1. 27

with online REPL

  1.  

  2. 10
    1. 7

      Why do they consider this a new language and not just a Haskell compiler targeting the JVM?

      1. 5

        I think it’s partially a marketing choice but Typelead says they are going to add things to the language. One example is PureScript’s row polymorphism.

        1. 4

          There’s an entry in the FAQ that says something pretty close to that. A few of the other FAQ entries are also on that subject.

      2. 6

        The description reads, “a powerful language for building scalable systems on the JVM”

        What kinds of scalable systems have been built with Eta?

        1. 5

          Eta is a fork of GHC. The code generator and the runtime have been replaced. Some very scalable systems have been made with GHC but nothing with Eta yet.

        2. 6

          Sweet landing page, very polished.

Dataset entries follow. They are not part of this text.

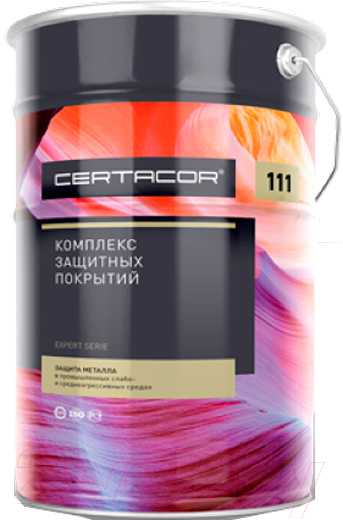 Грунт-эмаль Certa Certacor 111 8019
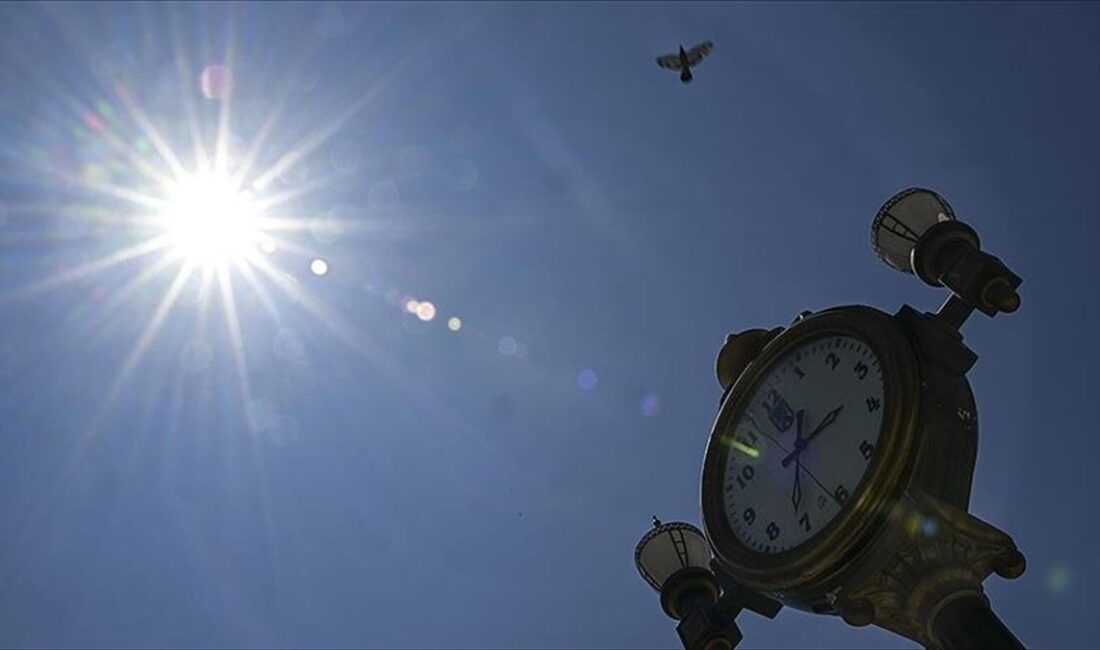 ANKARA (AA) – Meteoroloji Hava Tahmin Uzmanı Cengiz &Ccedil;elik, AA
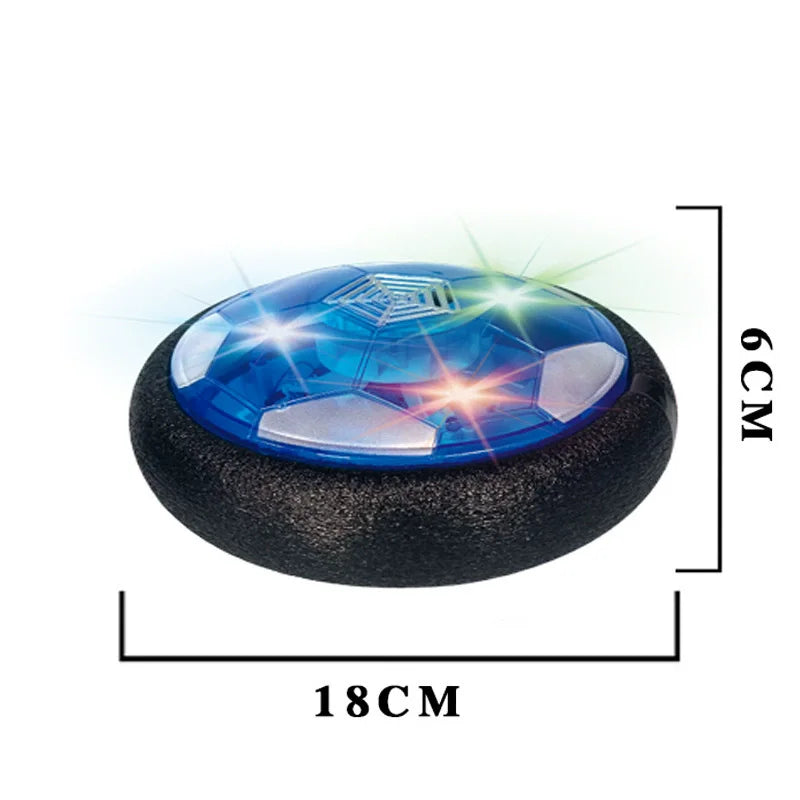 Family Games Children's Hover Football LED Soccer Ball Electric Hover Football Toy Light Up With Music Parent-child Sports Toys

          Funny opening with “A powerful language for building scalable systems on the JVM” followed by (can’t say for sure without checking the compiled output) what looks like a terribly unscalable implementation of “quicksort”.

          1. 3

            It’s perfectly reasonable idomatic Haskell. It’s got a bug, mind you (it de-dupes), but it’s idiomatic and performant when compiled by ghc. Since Eta is based on ghc, there’s a very good chance it’s also performant.

            1. 3

              Doing it in-place would be ideal. Here’s an example of an efficient variant of quicksort:

              http://hackage.haskell.org/package/vector-algorithms-0.7.0.1/docs/src/Data-Vector-Algorithms-Intro.html#sort

              But I don’t mind seeing the naive quicksort implementation. It’s not algorithmically optimal but it’s very easy to understand.

          2. 5

            is the logo intentionally a reference to llvm’s?